3.3 Sensory analyses
Training of the sensory panel and determination of taste followed the methods previously described.18,28,29 Assessors were trained to evaluate sweet taste intensity using sucrose (0.5%, 2.5%, 5% in water). Sensory analyses were performed using tap water (pH 6.5) as the solvent in a panel room at 22–25 °C in three different sessions by six panelists (3 women, 3 men) whose data were averaged. The detection thresholds of taste compounds were determined in a triangle test and the samples were presented in order of increasing concentrations (serial 1
:
1 dilutions). Relative sweetness of taste compounds was determined as follows. Prepare a series of aqueous solutions with varying concentrations of the sample. Compare these to a 5% sucrose aqueous solution to determine the concentration at which the sample's sweetness intensity matches that of the sucrose solution. Then, divide this concentration by the sucrose solution concentration (5%) to obtain the relative sweetness of the sample.
4 Conclusions
In conclusion, a reliable method for the preparation of DGP from methyl 3,6-anhydro-α-D-glucopyranoside 1 has been developed for the first time. The 3,6-anhydro glucopyranoside 1 was synthesized via an intramolecular cyclization reaction of 6-O-tosyl glucopyranoside promoted by a catalytic amount of TBAF. This new approach for the preparation of 3,6-anhydro glucopyranoside 1 proceeded under mild and environmentally friendly conditions, avoiding the use of strong bases and large excesses of TBAF. And we found that the stabilizing effect of HFIP on carbocation intermediates significantly improved the yield of the intramolecular cyclization of 3,6-anhydro glucopyranoside in the construction of DGP by systematic optimization. Further sensory evaluation studies revealed that DGP had a sweetness similar to that of sucrose.

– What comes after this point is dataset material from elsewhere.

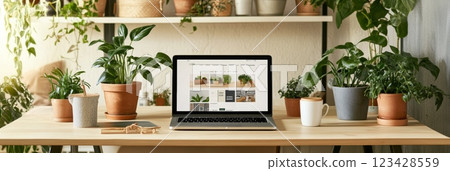 Open laptop displaying an e commerce website selling plants is placed on a desk with various potted plants, creating a home office environment focused on online plant shopping Open laptop displaying an e commerce website selling plants is placed on a desk with various potted plants, creating a home office environment focused on online plant shopping 123428559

Overall, this work provided an efficient chemical synthesis method for DGP and investigated the sweet performance of DGP for the first time, providing the potential to propel research on the applications of DGP in the fields of pharmaceutical chemistry and the food sector.
Data availability
The datasets generated and analyzed during the current study are available from the corresponding author upon reasonable request. All data supporting the findings of this study are included in the article and its ESI files.† Any additional data related to this paper may be requested from the authors.
Author contributions
Zhifei Chen, Qingfu Wang and Changtong Lu proposed and designed the experiment; Qingfu Wang and Kai Yang wrote the paper; Yibo Ning, Lei Li, Xueying Cao and Gaolei Xi processed the data; Kai Yang and Changtong Lu corrected the language of the paper. All authors have read and agreed to the published version of the manuscript.
Conflicts of interest
There are no conflicts to declare.
Acknowledgements
The experimental work was supported by a grant from China National Tobacco Corporation (110202202005) and a grant from China Tobacco Henan Industrial Co., Ltd. (AW2022008).